Compilers

Start Lecture #11

Remark: Lab 4 assigned.

6.4.2: Incremental Translation

We saw this in chapter 2.

The method in the previous section generates long strings as we walk the tree. By using SDT instead of using SDD, you can output parts of the string as each node is processed.

Multiple Declarations with Basetypes and Widths
Production	Semantic Rules

pd → PROC np IS ds BEG s ss END ;	ds.offset = 0

np → di ( ps ) \| di	not used yet

ds → d ds₁	d.offset = ds.offset ds₁.offset = d.newoffset
ds → d ds₁	ds.totalSize = ds₁.totalSize

ds → ε	ds.totalSize = ds.offset

d → di : t ;	addType(di.entry, t.type) addBaseType(di.entry, t.basetype) addSize(di.entry, t.size) addOffset(di.entry, d.offset) d.newoffset = d.offset + t.size

di → id	di.entry = ID.entry

t → ARRAY [ NUM ] OF t₁	t.type = array(NUM.value, t₁.type) t.basetype = t₁.basetype t.size = NUM.value * t₁.size

t → INT	t.type = integer t.basetype = integer t.size = 4

t → REAL	t.type = real t.basetype = real t.size = 8

6.4.3: Addressing Array Elements

The idea is that you associate the base address with the array name. That is, the offset stored in the identifier table entry for the array is the address of the first element. When an element is referenced, the indices and the array bounds are used to compute the amount, often called the offset (unfortunately, we have already used that term), by which the address of the referenced element differs from the base address.

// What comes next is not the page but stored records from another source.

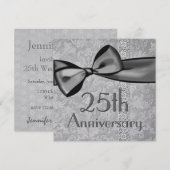 25e Verjaardag Nep Satijn Lint Metallic Papier Kaart (Voorkant / Achterkant)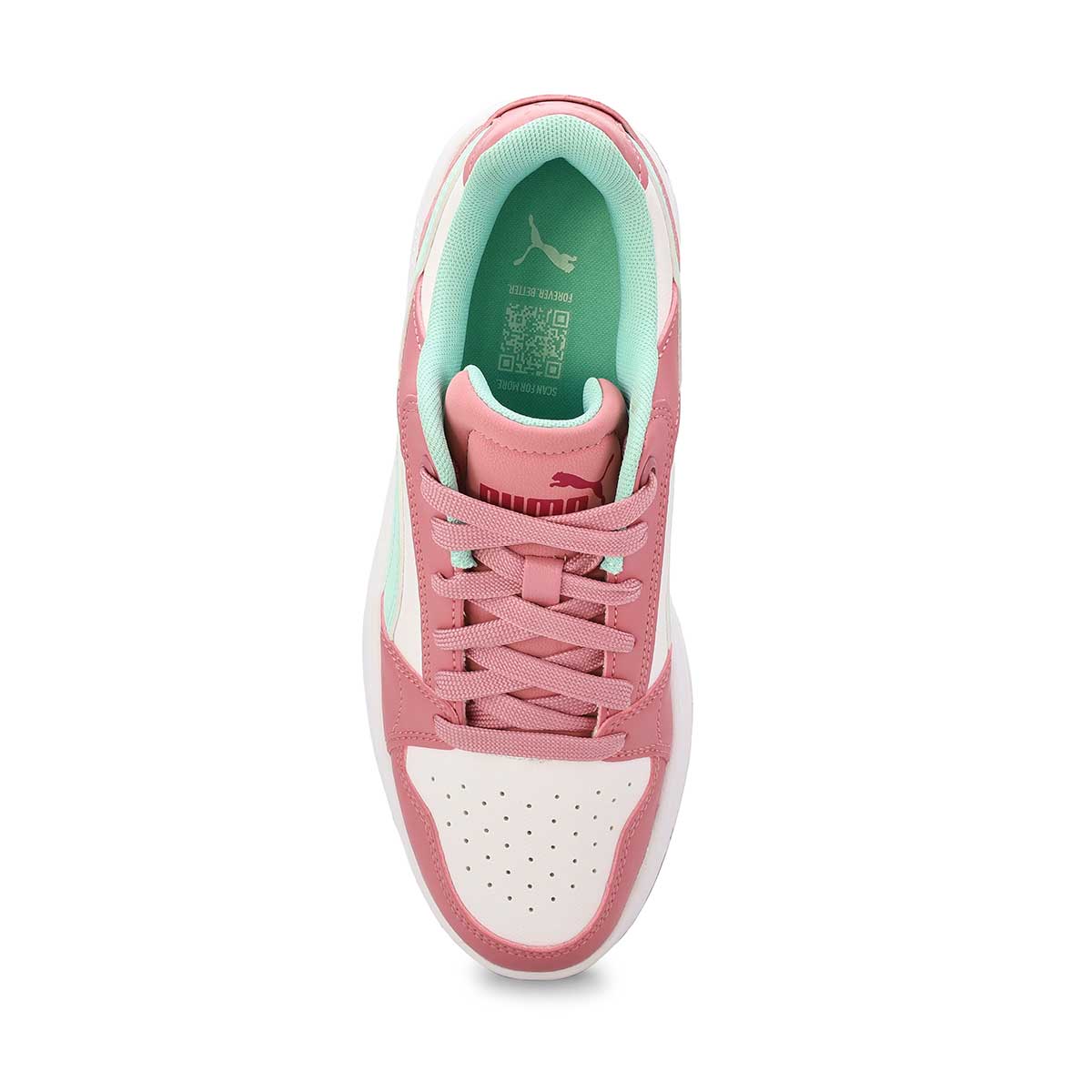 Girls'  Rebound Femme Lace Up Sneaker - White/Mint Melt/Poised Pink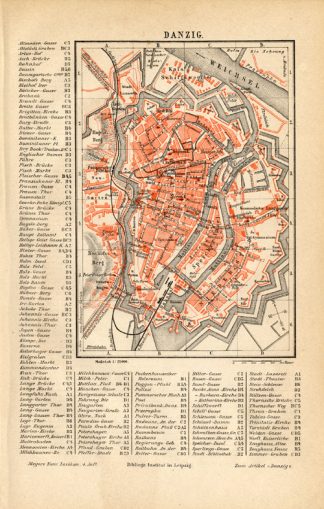 Antique Map-DANZIG-GERMANY-LEGEND-REGISTER-Meyers-1885
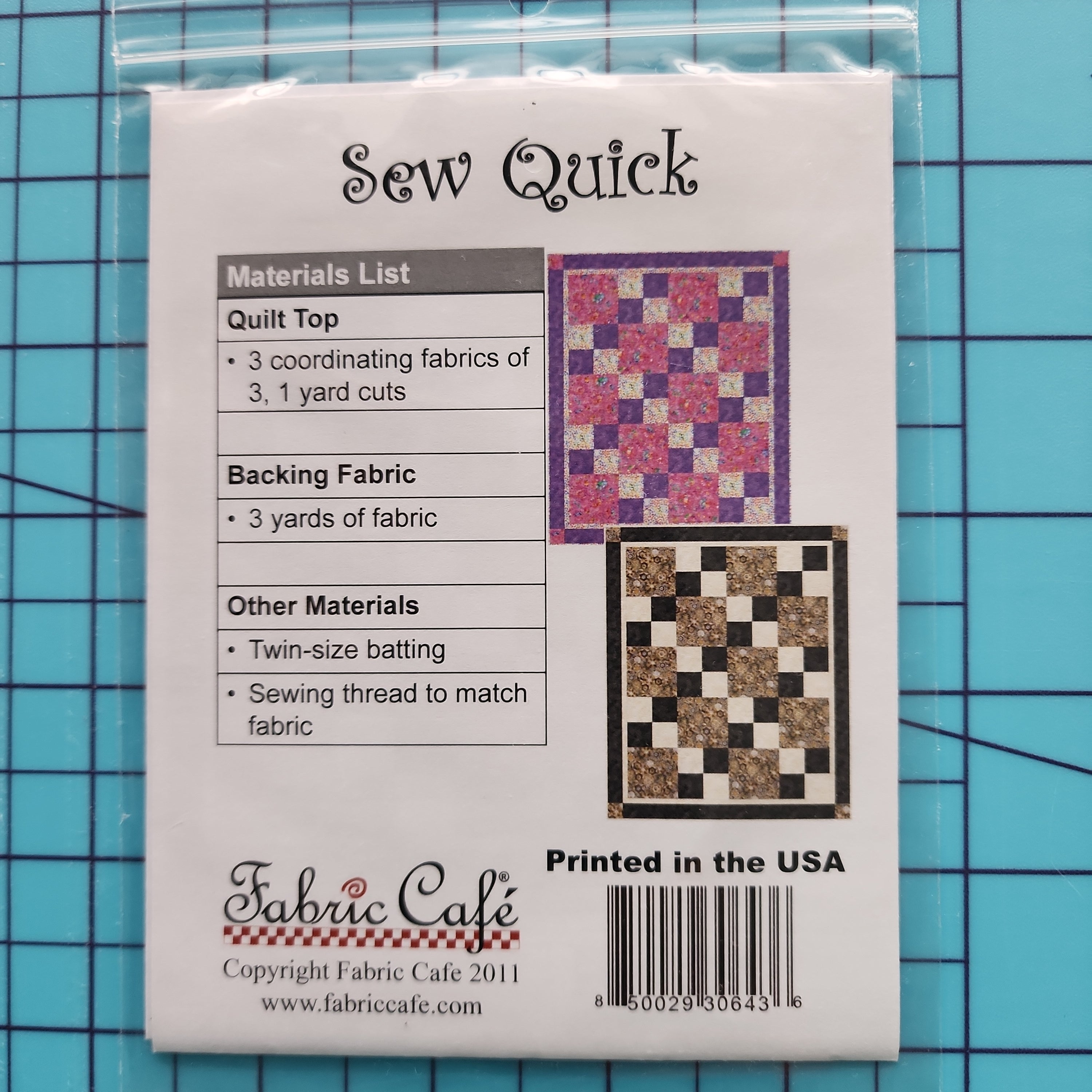 Fiber Café Fabric Cafe Sew Quick Pattern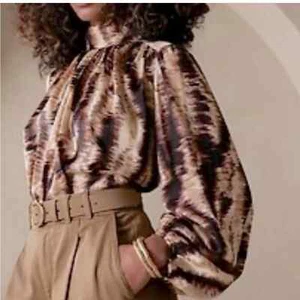 Banana Republic fließende Ärmel abstrakter Druck hochgeschlossen Bluse Gr. Small - Bild 1 von 5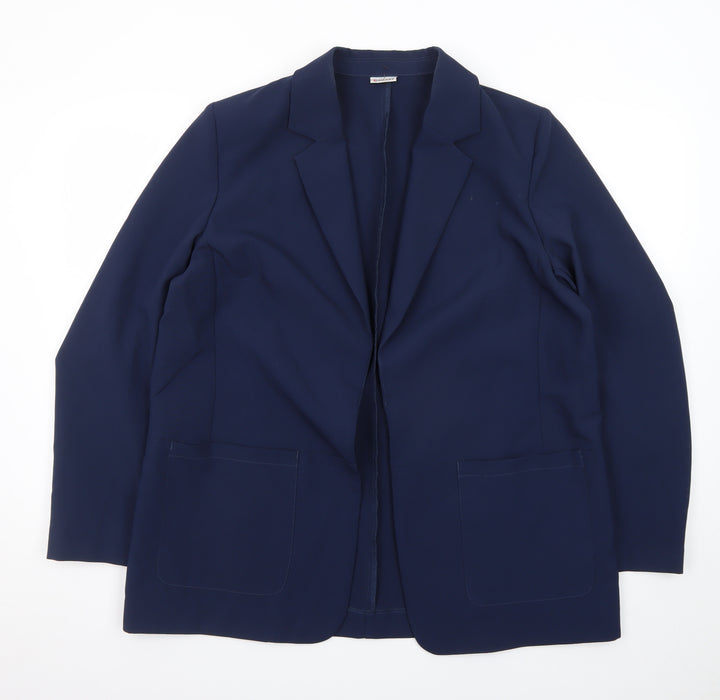 Damart Women Navy Blue Blazer Jacket UK 20 Regular Fit Single Breasted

To implement this technique, we store the base type of each identifier in the identifier table. For example, consider

    arr: array [ 10 ] of integer ;
    x  : real ;

Our previous SDD for declarations calculates the size and type of each identifier. For arr these are 40 and array(10,integer). The enhanced SDD on the right calculates, in addition, the base type. For arr this is integer. For a scalar, such as x, the base type is the same as the type, which in the case of x is real. The new material is shaded in blue.

One Dimensional Arrays

Calculating the address of an element of a one dimensional array is easy. The address increment is the width of each element times the index (assuming indices start at 0). So the address of A[i] is the base address of A, which is the offset component of A's entry in the identifier table, plus i times the width of each element of A.

The width of each element is the width of what we have called the base type. So for an ID the element width is sizeof(getBaseType(ID.entry)). For convenience, we define getBaseWidth by the formula

getBaseWidth(ID.entry) = sizeof(getBaseType(ID.entry)) = sizeof(ID.entry.baseType)

Two Dimensional Arrays

Let us assume row major ordering. That is, the first element stored is A[0,0], then A[0,1], ... A[0,k-1], then A[1,0], ... . Modern languages use row major ordering.

With the alternative column major ordering, after A[0,0] comes A[1,0], A[2,0], ... .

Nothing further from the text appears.